WORK REQUIRED =
Copy the listing exactly as given. Omit every picture.

DATASET SECTION =
§
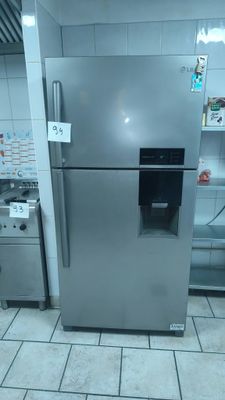 a stainless steel refrigerator in a kitchen with a sink and stove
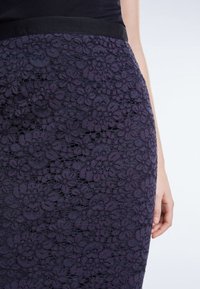 Fialová krajková sukně s květinovými vzory, s hladkým pásem. Textura je složitá, zvýrazňuje hloubku a detaily krajkového designu.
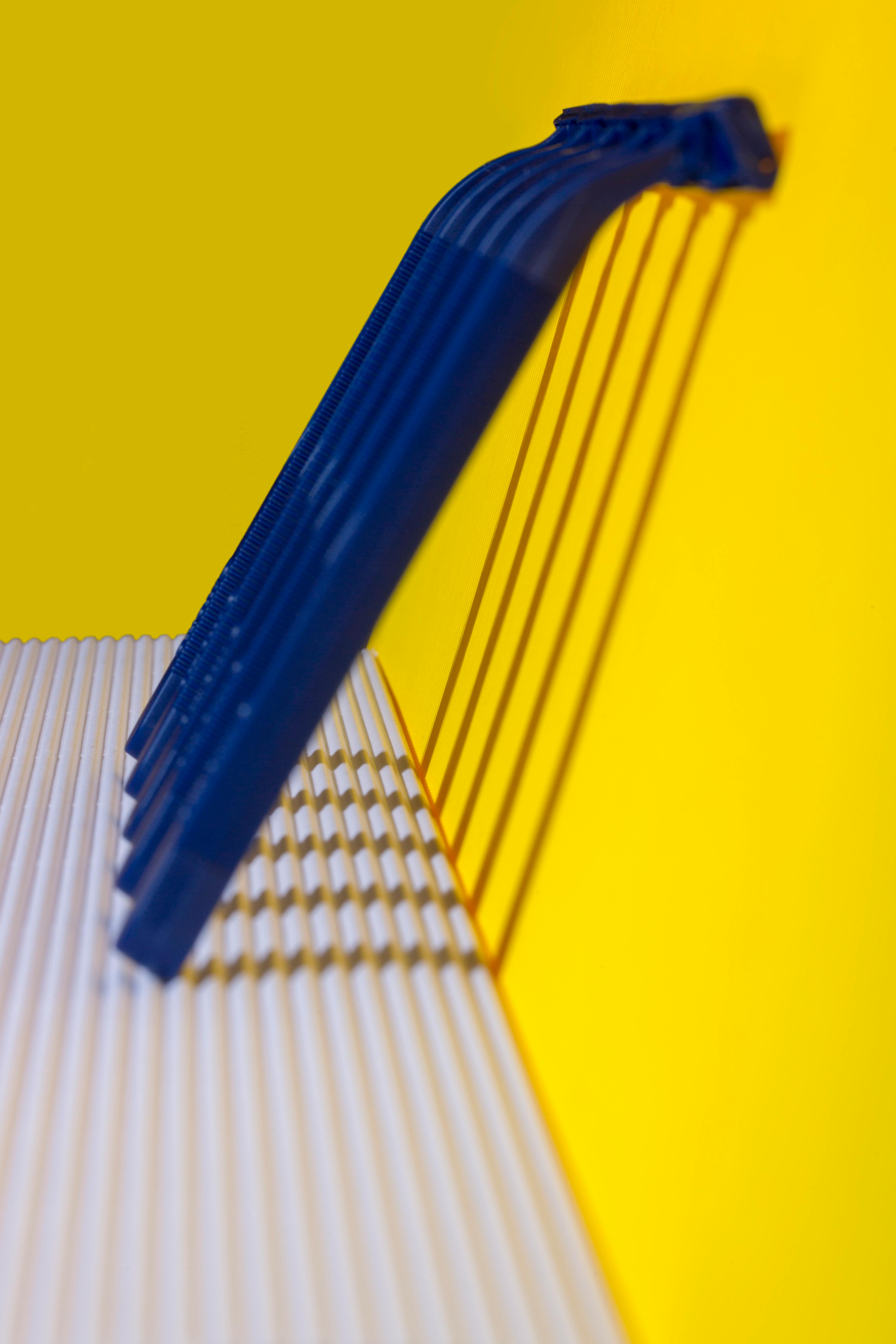 bezplatná Minimalistické abstraktní umělecké dílo s výraznými žlutými a modrými barvami vrhajícími stíny. Základová fotografie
§
REPLY TO THE TASK =
 a stainless steel refrigerator in a kitchen with a sink and stove
 Fialová krajková sukně s květinovými vzory, s hladkým pásem. Textura je složitá, zvýrazňuje hloubku a detaily krajkového designu.
 bezplatná Minimalistické abstraktní umělecké dílo s výraznými žlutými a modrými barvami vrhajícími stíny. Základová fotografie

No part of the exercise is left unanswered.